La télé-réalité n’est pas simplement importée par Trump dans les intrigues politiques de Washington ; elle détermine aussi une manière de gouverner en phase avec un néolibéralisme ambiant dont la « scène pornographique » constitue l’un des paradigmes. Le « You’re fired » résonne ainsi bien au-delà du monde du spectacle auquel il appartient ; il entre intimement en écho avec un capitalisme sauvage dont la dimension inégalitaire est parfaitement assumée par Trump.

Signalons en outre, dans l’optique de cerner son usage du système de l’information dans ses voies réticulaires, que l’omniprésence médiatique de Trump n’est pas seulement due à sa fonction ; elle s’inscrit parallèlement dans une stratégie publicitaire du nom « Trump », qui est aussi une marque dont il faut assurer sans cesse la promotion. On a souvent raillé la simplicité des discours du président américain, en fustigeant la pauvreté d’un vocabulaire indigne d’un chef d’Etat. Il faudrait émettre l’hypothèse que cette pauvreté est volontaire, et qu’elle participe justement d’une démarche marketing qui vise à imprimer durablement dans l’esprit de ses concitoyens des slogans en apparence élémentaires, comme « Build the Wall ! » (pour promouvoir la construction d’un mur entre le Mexique et les Etats-Unis) ou, bien sûr, « Make America Great Again », le slogan de campagne de 2016 qui orne les t-shirts et les casquettes rouges de ses partisans.

Trump use admirablement des médias mainstream, quels que soient leurs bords, pour véhiculer les mots d’ordre de sa présidence.

Victor Klemperer a montré dans ses analyses de la « langue du IIIe Reich » comment la simplicité discursive était l’un des critères déterminants de la propagande en politique, et que la répétition de certains mots et de certaines expressions formait le gage de son efficacité. « La pauvreté est [ici] une pauvreté de principe ; c’est comme si [cette langue] avait fait vœu de pauvreté », et sa répétition n’engendre que « harangue, sommation, galvanisation. » Aussi, l’usage des superlatifs, dont Trump est par ailleurs si friand – « Great », « Wonderful », « Awesome »… –, en est l’un des vecteurs essentiels.
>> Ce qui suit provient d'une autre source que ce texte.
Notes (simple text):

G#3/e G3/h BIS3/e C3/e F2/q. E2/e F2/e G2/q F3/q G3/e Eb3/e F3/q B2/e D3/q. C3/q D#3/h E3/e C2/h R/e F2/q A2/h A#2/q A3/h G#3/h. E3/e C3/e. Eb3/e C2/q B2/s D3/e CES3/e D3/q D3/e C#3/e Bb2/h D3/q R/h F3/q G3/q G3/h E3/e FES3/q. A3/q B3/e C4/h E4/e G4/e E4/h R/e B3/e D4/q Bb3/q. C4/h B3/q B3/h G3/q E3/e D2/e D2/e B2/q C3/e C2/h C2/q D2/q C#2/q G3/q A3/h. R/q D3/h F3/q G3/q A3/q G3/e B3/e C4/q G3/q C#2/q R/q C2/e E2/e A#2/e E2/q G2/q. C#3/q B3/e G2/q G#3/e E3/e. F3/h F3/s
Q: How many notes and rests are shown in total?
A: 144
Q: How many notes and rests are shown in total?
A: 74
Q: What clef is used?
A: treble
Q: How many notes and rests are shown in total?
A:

Comme l’écrit encore Klemperer dans une déclaration dont l’actualité est saisissante : « Le superlatif est le moyen d’action le plus évident dont disposent l’orateur et l’agitateur, c’est la forme publicitaire par excellence[3]. »

Trump use admirablement des médias mainstream, quels que soient leurs bords, pour véhiculer ainsi les mots d’ordre de sa présidence. Ses déclarations plus ou moins improvisées, mais dont l’improvisation est elle-même calculée – car il est anti-système d’être en roue libre –, s’écoulent en permanence dans les flux d’information des chaînes câblées, quand elles ne sont pas reprises ad nauseam dans les vidéos de la chaîne YouTube de la Maison-Blanche. Les productions de cette chaîne mériteraient assurément une étude à part entière, tant elles nous permettent de comprendre comment l’image en mouvement est au service du discours ampoulé de « l’agitateur » Trump.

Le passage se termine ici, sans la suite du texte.